The Council held a public hearing about the bill on February 10 of this year, which is when Settlement Observer picked up on the story. Then on February 24 a representative from the DC Fiscal Policy Institute testified before the Committee about concerns regarding a lack of income restrictions and the impact the tax cut would have on the city’s Housing Production Trust Fund.

“Rather than provide a new tax benefit for all first-time homebuyers, DCFPI recommends that policymakers review the city’s current deed tax assistance to low- and moderate-income homebuyers and make adjustments if they appear warranted,” said DCFPI Housing Policy Associate Claire Zippel in her testimony.

The bill was introduced last October by councilmembers Jack Evans (D-Ward 2), David Grosso (I-At Large) and Anita Bonds (D-At Large).

Grosso acknowledged concerns regarding the economic impact of lowering the transfer tax rate across the board and, in particular, how such a deduction would affect the Trust Fund.
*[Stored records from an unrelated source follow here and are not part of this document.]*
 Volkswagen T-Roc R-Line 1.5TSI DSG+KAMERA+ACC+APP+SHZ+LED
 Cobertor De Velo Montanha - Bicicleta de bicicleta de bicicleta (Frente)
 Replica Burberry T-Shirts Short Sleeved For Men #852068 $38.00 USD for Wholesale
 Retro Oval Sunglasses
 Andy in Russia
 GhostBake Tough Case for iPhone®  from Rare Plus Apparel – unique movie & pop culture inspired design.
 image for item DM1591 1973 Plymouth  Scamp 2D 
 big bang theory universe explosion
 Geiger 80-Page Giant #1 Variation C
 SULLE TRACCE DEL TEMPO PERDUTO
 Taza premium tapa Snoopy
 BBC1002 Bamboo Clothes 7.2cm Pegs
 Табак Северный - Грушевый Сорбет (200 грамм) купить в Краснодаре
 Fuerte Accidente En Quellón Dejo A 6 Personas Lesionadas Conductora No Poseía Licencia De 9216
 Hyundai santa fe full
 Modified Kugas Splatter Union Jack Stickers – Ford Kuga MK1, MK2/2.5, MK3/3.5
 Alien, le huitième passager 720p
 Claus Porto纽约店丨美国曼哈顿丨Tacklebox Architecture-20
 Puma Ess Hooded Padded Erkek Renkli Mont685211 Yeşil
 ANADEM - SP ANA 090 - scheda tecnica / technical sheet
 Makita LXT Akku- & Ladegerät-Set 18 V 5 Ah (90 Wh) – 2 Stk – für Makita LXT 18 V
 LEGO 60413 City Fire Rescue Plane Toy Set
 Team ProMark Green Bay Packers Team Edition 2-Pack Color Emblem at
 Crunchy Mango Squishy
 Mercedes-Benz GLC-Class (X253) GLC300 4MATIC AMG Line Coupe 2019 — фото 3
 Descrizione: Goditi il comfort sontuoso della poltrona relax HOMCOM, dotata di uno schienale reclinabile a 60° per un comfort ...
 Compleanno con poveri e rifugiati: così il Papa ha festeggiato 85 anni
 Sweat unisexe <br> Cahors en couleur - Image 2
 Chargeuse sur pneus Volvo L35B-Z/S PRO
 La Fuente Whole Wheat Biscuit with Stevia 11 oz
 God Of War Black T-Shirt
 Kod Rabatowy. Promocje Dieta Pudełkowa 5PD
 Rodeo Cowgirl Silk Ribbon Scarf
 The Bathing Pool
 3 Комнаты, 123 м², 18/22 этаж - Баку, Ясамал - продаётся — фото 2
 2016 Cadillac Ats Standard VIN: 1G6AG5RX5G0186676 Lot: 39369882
“I am committed to working with my colleagues to ensure that the [Trust Fund] receives annual commitments so that it is not dependent on yearly fluctuations in recordation tax revenues,” Grosso said in a statement.

Mayor Bowser’s budget proposal last year included $100 million for the Trust Fund in fiscal year 2016, according to the website of the Coalition for Nonprofit Housing & Economic Development. The Trust Fund is administered by the DC Department of Housing and Community Development with support from the Coalition.

The Trust Fund “enables non-profit housing providers, mission-driven for-profit developers and renters wishing to exercise their Tenant Opportunity to Purchase rights to improve and develop affordable housing in all eight wards,” according to the Coalition’s website.

Since its inception in 2002, The Trust Fund has produced or preserved more than 8,000 affordable homes with upward of 2,000 more in the pipeline, according to the Coalition’s website. In addition the Trust Fund has created an estimated 10,000 short-term and permanent jobs and has helped more than 18,000 DC residents.

The District's homebuying taxes significantly higher than Maryland or Virginia, about 50% higher on average

Current DC transfer and recordation taxes are on average 50% higher than neighboring Maryland and Virginia, Grosso said in a statement, which was the impetus for introducing a bill that would lower the tax burden for homebuyers purchasing for the first time in the District.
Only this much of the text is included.